Wilding was an advocate for eugenics, and promoted personal health so that the individual would have not only increased happiness, but increased capacity for "service to the community." She was instrumental in the founding of The Sunlight League in 1930, for which she held fundraising garden parties at "Fownhope", the Wilding family home in St Martins, Christchurch, and also the Youth Hostel Association of New Zealand in 1932. She had trained as a physiotherapist in Dunedin during World War I, and been introduced to youth hostels during her extensive European travels in the 1920s when she painted and studied outdoor activities.

Born in Christchurch, Wilding was the daughter of Frederick and Julia Wilding, and a sister of tennis player Anthony Wilding. Her father was a lawyer, and an athlete and cricket and tennis player. She was educated at Christchurch Girls' High School, and then Nelson College for Girls, where she was captain of the hockey team and school tennis champion.

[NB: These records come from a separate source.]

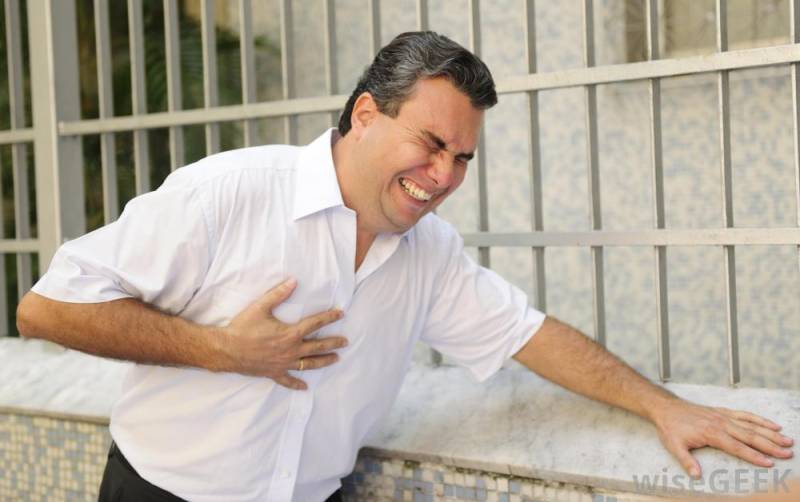 جسم دل کے دورے سے ایک ماہ قبل خبردار کرتا ہے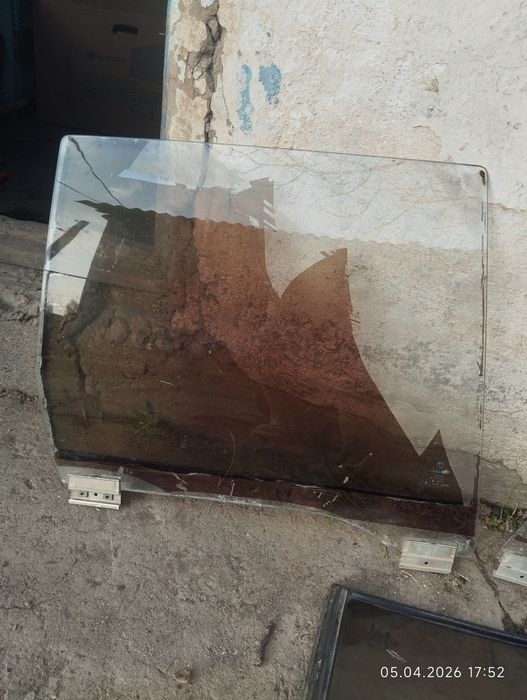 Продам стекла на БМВ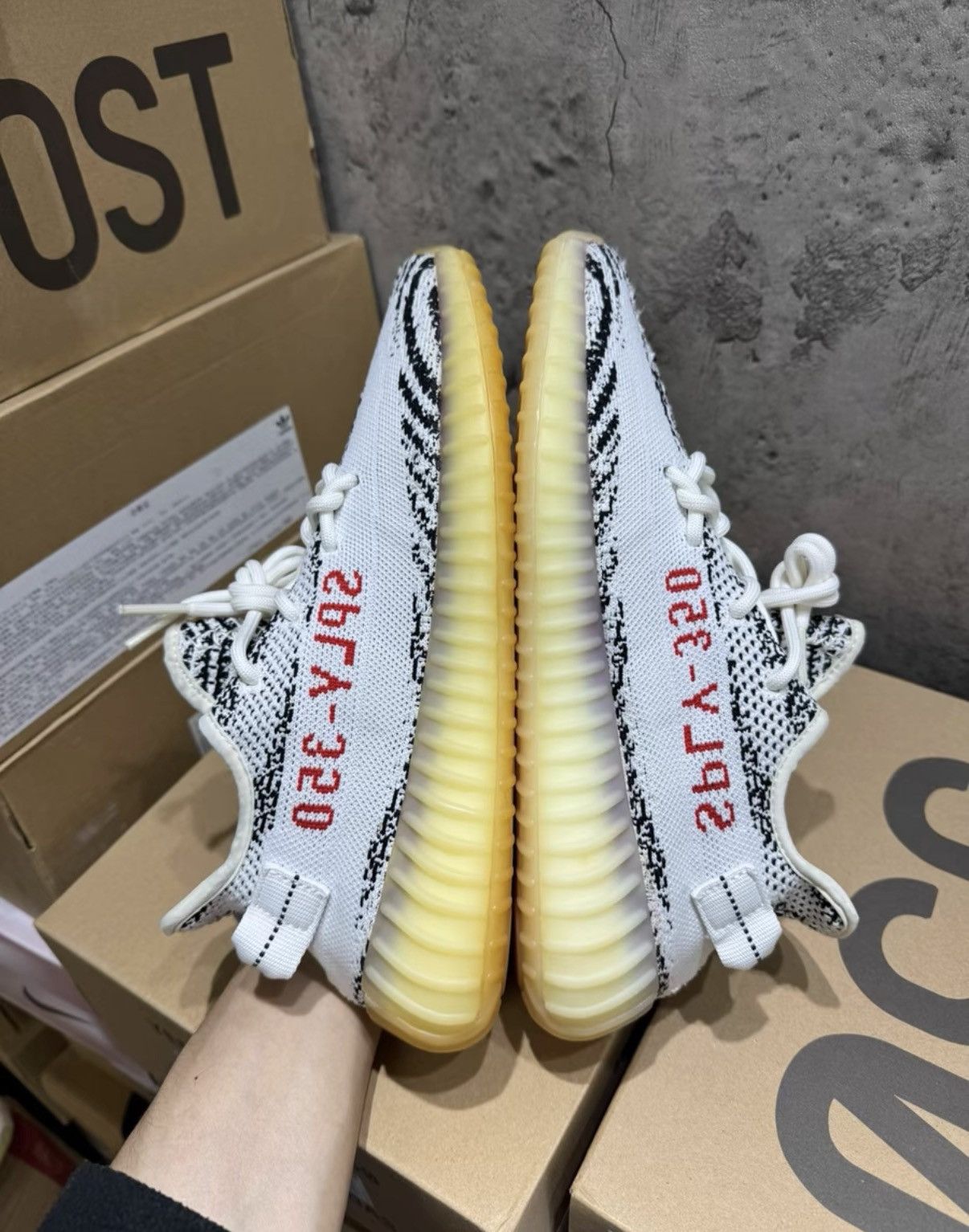 Adidas Adidas Yeezy 350 Zebra, 2018 Release K37 Size US 8.5 / EU 41-42 - 9 Thumbnail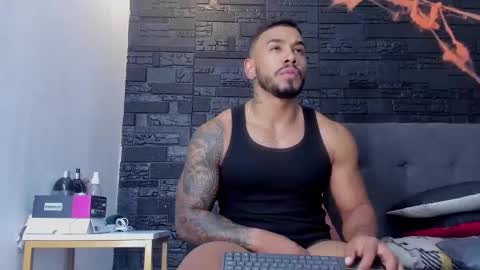 Snapshot of brock_hurn chatting on October 31, 2025, 9:16 pm brock_hurn online show from October 31, 2025, 9:16 pm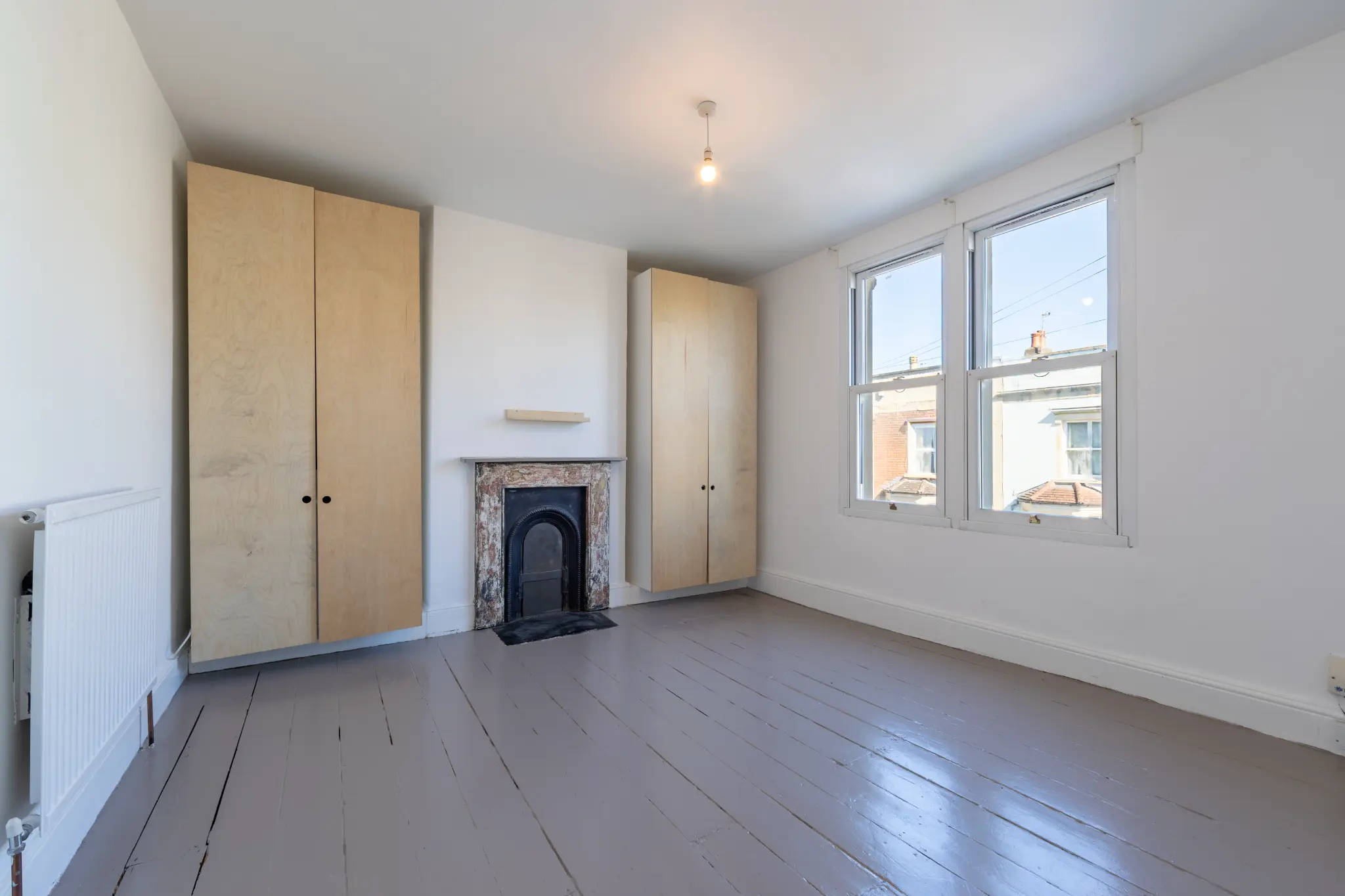 Before virtual staging (empty room)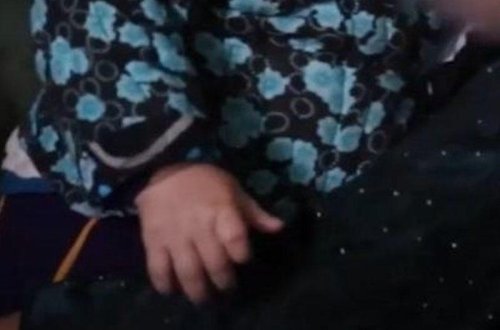 Əfqanıstanda kasıb ailə 4 aylıq körpəni 104 dollara satdı - VİDEO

Wilding retired as a physiotherapist in 1948, and moved from Christchurch to Kaikōura, where she painted for many years. She was made a patron of the Youth Hostel Association of New Zealand in 1938 and a life member in 1968. In the 1952 New Year Honours, she was appointed a Member of the Order of the British Empire, for social welfare services. The first Christchurch youth hostel (1965–1997), formerly the Avebury House, was called the "Cora Wilding Youth Hostel" in her honour.

Wilding died in Kaikōura on 8 October 1982, at the age of 93.